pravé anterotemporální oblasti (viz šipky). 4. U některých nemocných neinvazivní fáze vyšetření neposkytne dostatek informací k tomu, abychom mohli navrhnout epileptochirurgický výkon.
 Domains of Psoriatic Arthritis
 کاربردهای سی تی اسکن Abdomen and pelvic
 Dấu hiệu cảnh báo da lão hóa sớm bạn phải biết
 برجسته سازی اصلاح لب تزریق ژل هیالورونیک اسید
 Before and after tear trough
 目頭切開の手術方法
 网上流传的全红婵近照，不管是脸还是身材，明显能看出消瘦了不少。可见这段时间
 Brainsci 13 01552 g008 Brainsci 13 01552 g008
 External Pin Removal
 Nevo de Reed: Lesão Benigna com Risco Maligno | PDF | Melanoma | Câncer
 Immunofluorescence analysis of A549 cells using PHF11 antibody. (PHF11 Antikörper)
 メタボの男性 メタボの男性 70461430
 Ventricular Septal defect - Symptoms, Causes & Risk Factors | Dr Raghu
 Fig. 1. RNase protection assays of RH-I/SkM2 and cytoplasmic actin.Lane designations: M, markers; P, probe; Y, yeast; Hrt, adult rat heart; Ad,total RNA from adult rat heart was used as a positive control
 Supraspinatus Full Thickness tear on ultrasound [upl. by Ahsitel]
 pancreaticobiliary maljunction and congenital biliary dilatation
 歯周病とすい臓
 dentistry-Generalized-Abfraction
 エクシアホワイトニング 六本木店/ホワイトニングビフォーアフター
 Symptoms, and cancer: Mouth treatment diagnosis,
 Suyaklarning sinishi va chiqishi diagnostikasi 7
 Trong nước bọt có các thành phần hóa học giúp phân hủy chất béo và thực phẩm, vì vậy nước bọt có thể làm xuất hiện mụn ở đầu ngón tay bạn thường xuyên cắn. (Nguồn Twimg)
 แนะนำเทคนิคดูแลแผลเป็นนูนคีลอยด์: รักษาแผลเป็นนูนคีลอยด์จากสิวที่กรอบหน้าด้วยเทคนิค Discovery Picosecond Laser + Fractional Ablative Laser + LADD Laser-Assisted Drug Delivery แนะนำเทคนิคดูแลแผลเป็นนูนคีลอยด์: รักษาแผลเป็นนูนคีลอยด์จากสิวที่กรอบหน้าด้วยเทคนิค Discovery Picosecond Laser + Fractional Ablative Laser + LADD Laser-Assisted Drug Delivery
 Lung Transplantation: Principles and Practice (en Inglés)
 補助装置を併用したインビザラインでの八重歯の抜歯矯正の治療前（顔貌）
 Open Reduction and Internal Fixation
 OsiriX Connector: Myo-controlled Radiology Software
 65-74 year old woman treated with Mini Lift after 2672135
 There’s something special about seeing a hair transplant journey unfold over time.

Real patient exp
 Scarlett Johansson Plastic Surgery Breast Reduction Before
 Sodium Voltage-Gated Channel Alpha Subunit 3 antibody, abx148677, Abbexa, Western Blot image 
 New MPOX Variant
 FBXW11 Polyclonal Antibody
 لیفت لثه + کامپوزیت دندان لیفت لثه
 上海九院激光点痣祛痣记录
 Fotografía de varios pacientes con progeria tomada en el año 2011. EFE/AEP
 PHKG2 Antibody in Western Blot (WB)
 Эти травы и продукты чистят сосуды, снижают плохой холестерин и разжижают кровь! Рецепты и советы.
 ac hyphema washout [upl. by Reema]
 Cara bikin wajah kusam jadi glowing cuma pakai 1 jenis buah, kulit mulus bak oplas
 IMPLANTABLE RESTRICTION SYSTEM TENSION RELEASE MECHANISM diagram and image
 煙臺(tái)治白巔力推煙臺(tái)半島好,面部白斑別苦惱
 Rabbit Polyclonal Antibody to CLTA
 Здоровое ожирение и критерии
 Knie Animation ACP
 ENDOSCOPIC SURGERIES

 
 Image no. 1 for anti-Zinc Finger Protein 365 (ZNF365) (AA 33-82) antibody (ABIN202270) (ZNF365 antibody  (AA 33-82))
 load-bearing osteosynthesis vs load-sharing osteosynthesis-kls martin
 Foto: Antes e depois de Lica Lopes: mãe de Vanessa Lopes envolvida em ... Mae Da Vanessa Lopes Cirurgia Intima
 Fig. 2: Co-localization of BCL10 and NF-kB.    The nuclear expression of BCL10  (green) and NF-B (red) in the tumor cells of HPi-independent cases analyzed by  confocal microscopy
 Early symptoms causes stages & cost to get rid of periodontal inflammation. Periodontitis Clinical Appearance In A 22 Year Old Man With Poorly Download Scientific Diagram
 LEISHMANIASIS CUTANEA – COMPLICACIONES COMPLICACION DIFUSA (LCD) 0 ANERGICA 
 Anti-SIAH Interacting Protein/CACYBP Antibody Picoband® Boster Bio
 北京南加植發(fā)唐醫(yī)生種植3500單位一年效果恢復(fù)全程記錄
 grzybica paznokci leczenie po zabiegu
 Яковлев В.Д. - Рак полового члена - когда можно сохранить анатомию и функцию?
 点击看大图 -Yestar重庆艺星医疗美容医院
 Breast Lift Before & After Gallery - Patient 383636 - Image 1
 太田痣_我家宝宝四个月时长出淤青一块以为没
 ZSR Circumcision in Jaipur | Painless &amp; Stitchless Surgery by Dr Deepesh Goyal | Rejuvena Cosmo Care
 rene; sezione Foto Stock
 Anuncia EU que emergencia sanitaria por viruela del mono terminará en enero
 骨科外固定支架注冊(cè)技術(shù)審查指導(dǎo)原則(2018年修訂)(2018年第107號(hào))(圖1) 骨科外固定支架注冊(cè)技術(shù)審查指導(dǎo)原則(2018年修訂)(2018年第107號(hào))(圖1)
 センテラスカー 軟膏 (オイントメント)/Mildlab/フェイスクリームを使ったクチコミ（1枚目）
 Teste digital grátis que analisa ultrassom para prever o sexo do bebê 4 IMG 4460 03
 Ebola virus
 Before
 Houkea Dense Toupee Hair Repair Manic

++++++++

● **Problem requirements**:
Copy out the material in full, exactly as it reads.

● **Solution**:
pravé anterotemporální oblasti (viz šipky). 4. U některých nemocných neinvazivní fáze vyšetření neposkytne dostatek informací k tomu, abychom mohli navrhnout epileptochirurgický výkon.
 Domains of Psoriatic Arthritis
 کاربردهای سی تی اسکن Abdomen and pelvic
 Dấu hiệu cảnh báo da lão hóa sớm bạn phải biết
 برجسته سازی اصلاح لب تزریق ژل هیالورونیک اسید
 Before and after tear trough
 目頭切開の手術方法
 网上流传的全红婵近照，不管是脸还是身材，明显能看出消瘦了不少。可见这段时间
 Brainsci 13 01552 g008 Brainsci 13 01552 g008
 External Pin Removal
 Nevo de Reed: Lesão Benigna com Risco Maligno | PDF | Melanoma | Câncer
 Immunofluorescence analysis of A549 cells using PHF11 antibody. (PHF11 Antikörper)
 メタボの男性 メタボの男性 70461430
 Ventricular Septal defect - Symptoms, Causes & Risk Factors | Dr Raghu
 Fig. 1. RNase protection assays of RH-I/SkM2 and cytoplasmic actin.Lane designations: M, markers; P, probe; Y, yeast; Hrt, adult rat heart; Ad,total RNA from adult rat heart was used as a positive control
 Supraspinatus Full Thickness tear on ultrasound [upl. by Ahsitel]
 pancreaticobiliary maljunction and congenital biliary dilatation
 歯周病とすい臓
 dentistry-Generalized-Abfraction
 エクシアホワイトニング 六本木店/ホワイトニングビフォーアフター
 Symptoms, and cancer: Mouth treatment diagnosis,
 Suyaklarning sinishi va chiqishi diagnostikasi 7
 Trong nước bọt có các thành phần hóa học giúp phân hủy chất béo và thực phẩm, vì vậy nước bọt có thể làm xuất hiện mụn ở đầu ngón tay bạn thường xuyên cắn. (Nguồn Twimg)
 แนะนำเทคนิคดูแลแผลเป็นนูนคีลอยด์: รักษาแผลเป็นนูนคีลอยด์จากสิวที่กรอบหน้าด้วยเทคนิค Discovery Picosecond Laser + Fractional Ablative Laser + LADD Laser-Assisted Drug Delivery แนะนำเทคนิคดูแลแผลเป็นนูนคีลอยด์: รักษาแผลเป็นนูนคีลอยด์จากสิวที่กรอบหน้าด้วยเทคนิค Discovery Picosecond Laser + Fractional Ablative Laser + LADD Laser-Assisted Drug Delivery
 Lung Transplantation: Principles and Practice (en Inglés)
 補助装置を併用したインビザラインでの八重歯の抜歯矯正の治療前（顔貌）
 Open Reduction and Internal Fixation
 OsiriX Connector: Myo-controlled Radiology Software
 65-74 year old woman treated with Mini Lift after 2672135
 There’s something special about seeing a hair transplant journey unfold over time.

Real patient exp
 Scarlett Johansson Plastic Surgery Breast Reduction Before
 Sodium Voltage-Gated Channel Alpha Subunit 3 antibody, abx148677, Abbexa, Western Blot image 
 New MPOX Variant
 FBXW11 Polyclonal Antibody
 لیفت لثه + کامپوزیت دندان لیفت لثه
 上海九院激光点痣祛痣记录
 Fotografía de varios pacientes con progeria tomada en el año 2011. EFE/AEP
 PHKG2 Antibody in Western Blot (WB)
 Эти травы и продукты чистят сосуды, снижают плохой холестерин и разжижают кровь! Рецепты и советы.
 ac hyphema washout [upl. by Reema]
 Cara bikin wajah kusam jadi glowing cuma pakai 1 jenis buah, kulit mulus bak oplas
 IMPLANTABLE RESTRICTION SYSTEM TENSION RELEASE MECHANISM diagram and image
 煙臺(tái)治白巔力推煙臺(tái)半島好,面部白斑別苦惱
 Rabbit Polyclonal Antibody to CLTA
 Здоровое ожирение и критерии
 Knie Animation ACP
 ENDOSCOPIC SURGERIES

 
 Image no. 1 for anti-Zinc Finger Protein 365 (ZNF365) (AA 33-82) antibody (ABIN202270) (ZNF365 antibody  (AA 33-82))
 load-bearing osteosynthesis vs load-sharing osteosynthesis-kls martin
 Foto: Antes e depois de Lica Lopes: mãe de Vanessa Lopes envolvida em ... Mae Da Vanessa Lopes Cirurgia Intima
 Fig. 2: Co-localization of BCL10 and NF-kB.    The nuclear expression of BCL10  (green) and NF-B (red) in the tumor cells of HPi-independent cases analyzed by  confocal microscopy
 Early symptoms causes stages & cost to get rid of periodontal inflammation. Periodontitis Clinical Appearance In A 22 Year Old Man With Poorly Download Scientific Diagram
 LEISHMANIASIS CUTANEA – COMPLICACIONES COMPLICACION DIFUSA (LCD) 0 ANERGICA 
 Anti-SIAH Interacting Protein/CACYBP Antibody Picoband® Boster Bio
 北京南加植發(fā)唐醫(yī)生種植3500單位一年效果恢復(fù)全程記錄
 grzybica paznokci leczenie po zabiegu
 Яковлев В.Д. - Рак полового члена - когда можно сохранить анатомию и функцию?
 点击看大图 -Yestar重庆艺星医疗美容医院
 Breast Lift Before & After Gallery - Patient 383636 - Image 1
 太田痣_我家宝宝四个月时长出淤青一块以为没
 ZSR Circumcision in Jaipur | Painless &amp; Stitchless Surgery by Dr Deepesh Goyal | Rejuvena Cosmo Care
 rene; sezione Foto Stock
 Anuncia EU que emergencia sanitaria por viruela del mono terminará en enero
 骨科外固定支架注冊(cè)技術(shù)審查指導(dǎo)原則(2018年修訂)(2018年第107號(hào))(圖1) 骨科外固定支架注冊(cè)技術(shù)審查指導(dǎo)原則(2018年修訂)(2018年第107號(hào))(圖1)
 センテラスカー 軟膏 (オイントメント)/Mildlab/フェイスクリームを使ったクチコミ（1枚目）
 Teste digital grátis que analisa ultrassom para prever o sexo do bebê 4 IMG 4460 03
 Ebola virus
 Before
 Houkea Dense Toupee Hair Repair Manic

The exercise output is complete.